▶ GIVEN DATA

-=-=-

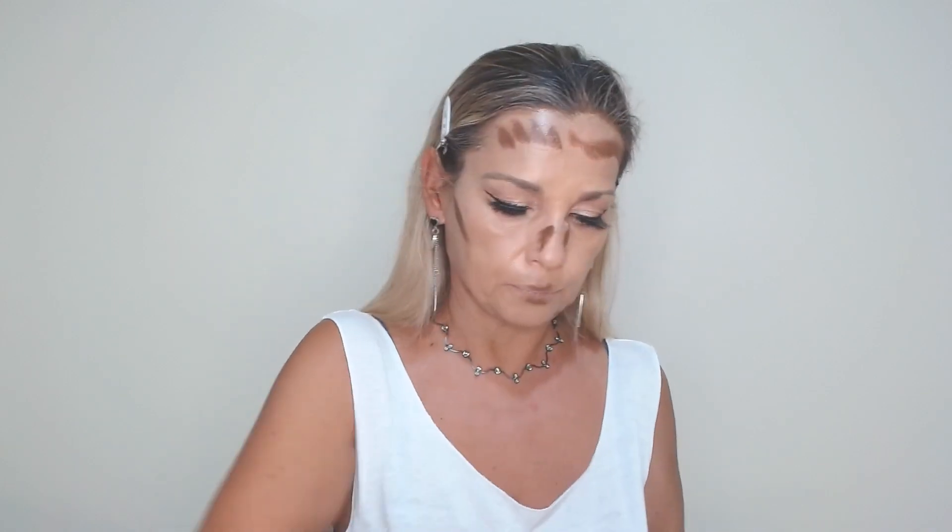Then I will take my MUA bronzer in the shade espresso — this is my cream bronzer. Starting from the upper part of the ear till the cheekbone, this is the right technique. Some dots on the forehead, on the lines of the lips, some product on the chin, and a little on the nose. I apply this always with my beauty blender — that is the right way. We apply it with quick upward motions on the cheekbones.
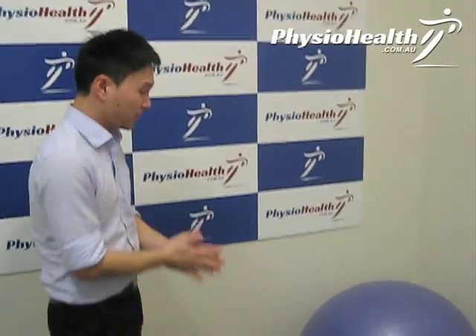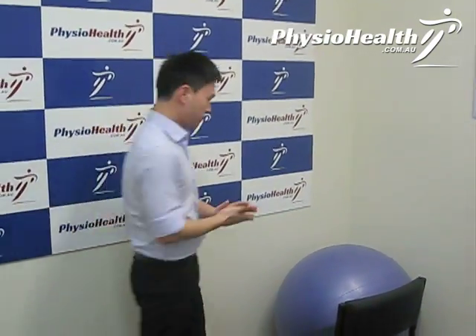So what you need for this is a wall, a chair, and a gym ball. Now it doesn't have to be this big, it can be a smaller ball.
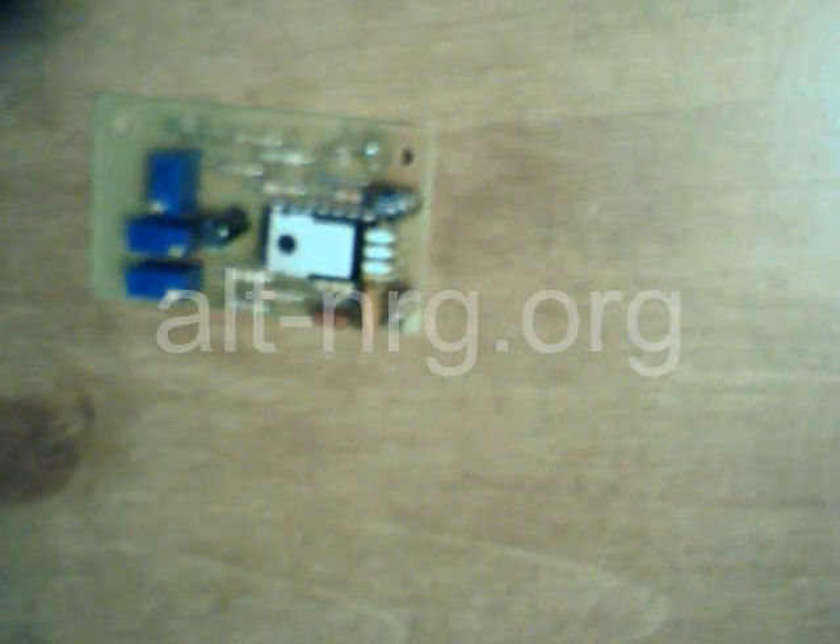That's it for now. Zero Fossil Fuel. Have to go back to work and start building some more PWMs. Talk to you soon.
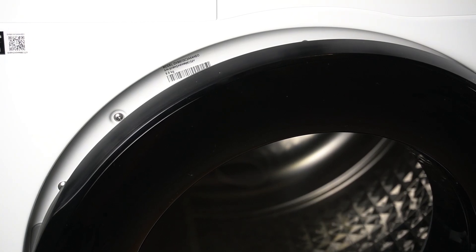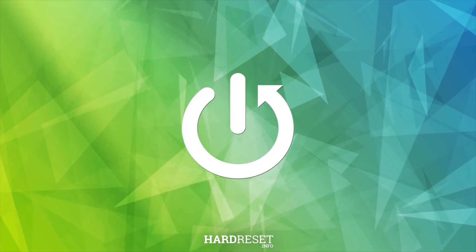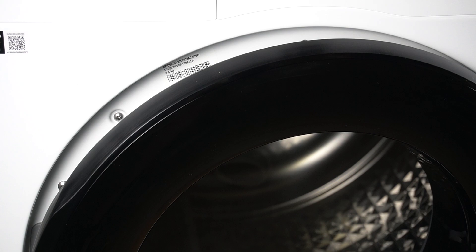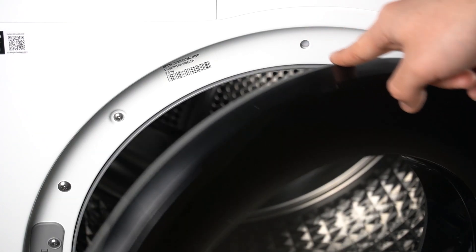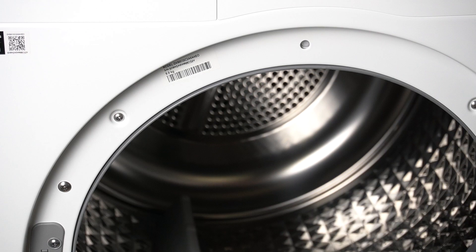Hello guys, today I will show you where the serial number is on the Samsung Dreyer TV90. To find the serial number you have to open the doors, and as you can see there is a small sticker with the serial number.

-=-=-

▶ TASK DETAILS
Looking at the listing above, which lines run from the one containing "So what you" through the one containing "That's it for"? Print exactly those, ends included, pictures excluded.

▶ THE ANSWER
So what you need for this is a wall, a chair, and a gym ball. Now it doesn't have to be this big, it can be a smaller ball.
That's it for now. Zero Fossil Fuel. Have to go back to work and start building some more PWMs. Talk to you soon.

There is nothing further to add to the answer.